Crunchy jellyfish was pleasant and had a level of crunchiness that met with the approval of my two Chinese friends at the table (13/20). Cold pork slices were artfully arranged though did not seem to have a great deal of flavour (12/20). Drunken chicken had a sauce poured over it that had rather too much obvious wine, which although certainly meets the name of the dish, the chicken flavour was rather obscured (12/20). Smoked fish was wild plaice that had been initially deep fried, then braised in sauce and then dried. The dish was presented in a smoke dome that was lifted at the table. I thought that this dish worked well, the plaice having good flavour and it having nicely absorbed the flavours of the sauce (14/20).
Xiao long bao was a single, quite large version of the classic soup dumpling. The pork used here is Iberico pork and the soup is slow-cooked for six hours before being reduced to a cube of jelly that is wrapped within the dumpling and melts when the dumpling is cooked. You need to eat it in one bite unless you want to spill the hot soup over yourself, and so my one criticism is that this version was a bit too large. Xiao long bao that I ate in Shanghai (and Taipei for that matter) was considerably smaller. However, the dumpling itself was good and the soup had quite good flavour, with vinegar served on the side as is traditional wit this dish (14/20). A trio of dim sum was pleasant. Lobster dumpling with truffle. pea shoot dumpling with seafood and a pumpkin dumpling all had reasonably delicate dumplings and nicely cooked contents (14/20).
Beggar’s chicken is a dish involving some theatre. The chicken used was a French Label Rouge bird that was marinaded for two days. The chicken was steamed then baked and stuffed with shredded pork, radish and five spice before being wrapped in a lotus leaves and placed in a casing of dough for 90 minutes. Traditionally the casing is cooked in clay but that is apparently not allowed in the UK these days for hygiene reasons. The casing is traditionally broken with a little hammer, and this was carried out tableside before the leaf casing is cut open to reveal the chicken, which was then served. Although this dish was clearly a lot of effort, it did not compare well to the version I had eaten at the superb 28 Hubin Road in Hangzhou, though admittedly that is a pretty high bar to jump. The chicken was just a touch dry and the flavour pleasant rather than dazzling. When I had this dish before the chicken had been basted with chicken jus when served and I think that this would have improved things here (13/20).
Dong pao pork, named after a Song dynasty poet, is a very interesting dish.

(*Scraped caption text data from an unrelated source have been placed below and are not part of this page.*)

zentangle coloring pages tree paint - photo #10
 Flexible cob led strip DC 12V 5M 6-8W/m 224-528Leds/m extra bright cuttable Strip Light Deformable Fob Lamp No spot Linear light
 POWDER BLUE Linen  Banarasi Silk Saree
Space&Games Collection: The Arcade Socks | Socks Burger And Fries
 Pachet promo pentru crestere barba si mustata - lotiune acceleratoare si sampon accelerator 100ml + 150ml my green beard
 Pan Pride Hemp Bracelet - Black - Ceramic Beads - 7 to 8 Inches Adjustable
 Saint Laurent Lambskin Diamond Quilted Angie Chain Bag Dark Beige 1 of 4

The version at 28 Hubin Road is a very complex technical dish to make, which I wrote about at length in the review. Perhaps not surprisingly the chef here did not attempt the elaborate pork pyramid with twenty spirals that the definitive version of this dish requires. Instead we had a much simpler version with just a few layers, but the pork belly had certainly been cooked nicely and this was still very enjoyable, served with bak choi (14/20). For dessert a cheesecake was made in house but to be honest was not particularly good; it didn’t really have the texture of an ideal cheesecake, and the flavour was muted (11/20).
Service was excellent, with attentive waiters and flawless topping up of drinks. I was being treated to this meal by a friend, so I do not know what the bill was. Judging by the regular menu, you could certainly eat here for around £80 per person, though clearly you could spend a lot more if you opted for the more luxurious dishes or ventured further into the wine list. Noble Palace certainly has a very swish setting and excellent service, and there were some nice dishes at our meal, though it did not seem entirely consistent.